## Installation in databricks

On an existing cluster, add the following to the Advanced Options -> Spark tab:
``` 
  spark.kryoserializer.buffer.max 2000M
  spark.serializer org.apache.spark.serializer.KryoSerializer
```

In Libraries tab inside the cluster:
  * Install New -> PyPI -> spark-nlp==4.4.0 -> Install
  * Install New -> Maven -> Coordinates -> com.johnsnowlabs.nlp:spark-nlp_2.12:4.4.0 -> Install
  
Source - https://github.com/JohnSnowLabs/spark-nlp#databricks-cluster

In [0]:
%pip install sparknlp
%pip install mlflow
%pip install modelstore

Python interpreter will be restarted.
Python interpreter will be restarted.
Python interpreter will be restarted.
Python interpreter will be restarted.
Python interpreter will be restarted.
Python interpreter will be restarted.


In [0]:
import sparknlp
from pyspark.ml.classification import LogisticRegression
from pyspark.ml.linalg import VectorUDT
from pyspark.ml.linalg import Vectors
from pyspark.sql.functions import col, udf
from pyspark.sql.types import ArrayType, DoubleType, IntegerType
from sparknlp.annotator import *
from sparknlp.base import *
import pickle

In [0]:
sample_size=1000

data = spark.read.format('csv').option('header', True).load('dbfs:/FileStore/tables/train.csv').limit(sample_size)
data = data.withColumn("target", data["target"].cast(IntegerType()))
data.printSchema()
data.count()

root
 |-- qid: string (nullable = true)
 |-- question_text: string (nullable = true)
 |-- target: integer (nullable = true)

Out[2]: 1000

In [0]:
def stratified_split(data_df):

    zeros = data_df.select("*") \
        .where("target == '0'")
    ones = data_df.select("*") \
        .where("target == '1'")
    print("original : zeroes count & one count : ", zeros.count(), ones.count(), ones.count() / zeros.count())
    print('percentage of original insincere qs -> {}'.format(ones.count() * 100 / zeros.count()))
    # split datasets into training and testing
    train0, test0 = zeros.randomSplit([0.8, 0.2], seed=1234)
    train1, test1 = ones.randomSplit([0.8, 0.2], seed=1234)
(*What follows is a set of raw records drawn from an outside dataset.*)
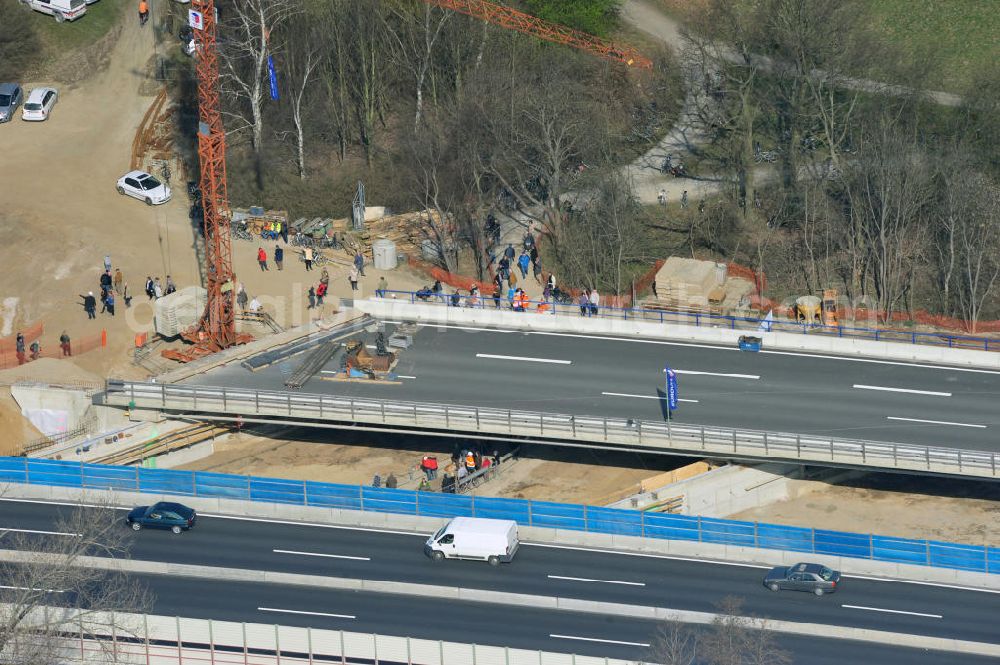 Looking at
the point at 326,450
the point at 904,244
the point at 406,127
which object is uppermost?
the point at 406,127

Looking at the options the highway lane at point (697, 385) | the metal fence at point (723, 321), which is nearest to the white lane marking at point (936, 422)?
the highway lane at point (697, 385)

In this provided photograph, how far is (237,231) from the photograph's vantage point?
321ft

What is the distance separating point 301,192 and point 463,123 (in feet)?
32.5

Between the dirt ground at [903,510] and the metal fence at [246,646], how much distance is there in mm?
18114

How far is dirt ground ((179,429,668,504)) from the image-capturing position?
77562 mm

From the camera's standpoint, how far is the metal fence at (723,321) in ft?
279

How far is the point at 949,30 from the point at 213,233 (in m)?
52.6

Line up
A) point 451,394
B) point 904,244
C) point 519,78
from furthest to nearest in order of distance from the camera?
point 519,78 < point 904,244 < point 451,394

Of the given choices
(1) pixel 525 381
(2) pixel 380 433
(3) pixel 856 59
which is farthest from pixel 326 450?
(3) pixel 856 59

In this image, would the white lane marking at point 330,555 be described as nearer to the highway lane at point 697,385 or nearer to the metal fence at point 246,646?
the metal fence at point 246,646

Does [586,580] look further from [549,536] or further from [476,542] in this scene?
[476,542]

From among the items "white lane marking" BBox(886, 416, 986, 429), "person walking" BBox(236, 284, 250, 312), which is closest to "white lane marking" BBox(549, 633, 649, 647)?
"white lane marking" BBox(886, 416, 986, 429)

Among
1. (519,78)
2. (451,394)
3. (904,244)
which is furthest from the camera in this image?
(519,78)

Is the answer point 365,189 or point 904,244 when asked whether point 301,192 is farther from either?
point 904,244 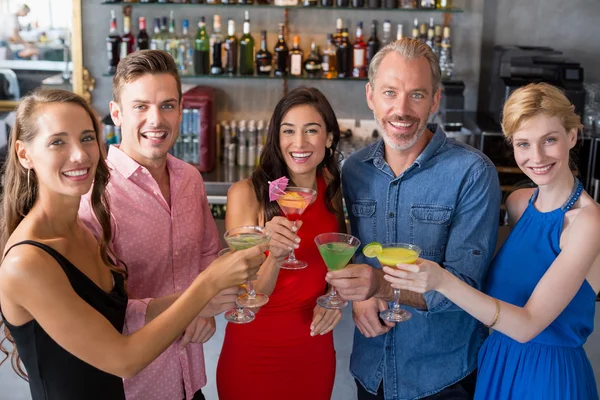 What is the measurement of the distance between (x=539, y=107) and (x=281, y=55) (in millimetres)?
3088

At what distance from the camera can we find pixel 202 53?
4.98m

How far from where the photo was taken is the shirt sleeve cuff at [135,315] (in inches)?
83.0

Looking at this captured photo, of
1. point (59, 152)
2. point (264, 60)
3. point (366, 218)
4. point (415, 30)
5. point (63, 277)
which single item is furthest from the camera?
point (264, 60)

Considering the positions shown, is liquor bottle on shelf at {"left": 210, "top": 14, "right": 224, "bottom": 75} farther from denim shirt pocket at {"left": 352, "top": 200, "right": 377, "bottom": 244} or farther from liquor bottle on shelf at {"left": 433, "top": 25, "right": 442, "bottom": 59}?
denim shirt pocket at {"left": 352, "top": 200, "right": 377, "bottom": 244}

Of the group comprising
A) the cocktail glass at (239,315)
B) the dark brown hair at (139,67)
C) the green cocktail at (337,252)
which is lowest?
the cocktail glass at (239,315)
    # stack datasets back together
    train = train0.union(train1)
    test = test0.union(test1)

    print('percentage of train insincere qs -> {}'.format(train1.count() * 100 / train0.count()))
    train.groupby("target").count().show()

    print('percentage of test insincere qs -> {}'.format(test1.count() * 100 / test0.count()))
    test.groupby("target").count().show()
    stratifiedTrainData = train.sample(False, (data_df.count()/10) / len(train.collect()))


    x_zeros = stratifiedTrainData.select("*") \
        .where("target == '0'")
    x_ones = stratifiedTrainData.select("*") \
        .where("target == '1'")

    print('percentage of stratified train insincere qs -> {}'.format(x_ones.count() * 100 / x_zeros.count()))
    stratifiedTrainData.select("*") \
        .where("target == '0'") \
        .show(5)

    stratifiedTrainData.select("*") \
        .where("target == '1'") \
        .show(5)

    return stratifiedTrainData, train, test

In [0]:
#### This function to be deleted" 
def load_data(data_df):

    

    train10000, train, test =stratified_split(data_df)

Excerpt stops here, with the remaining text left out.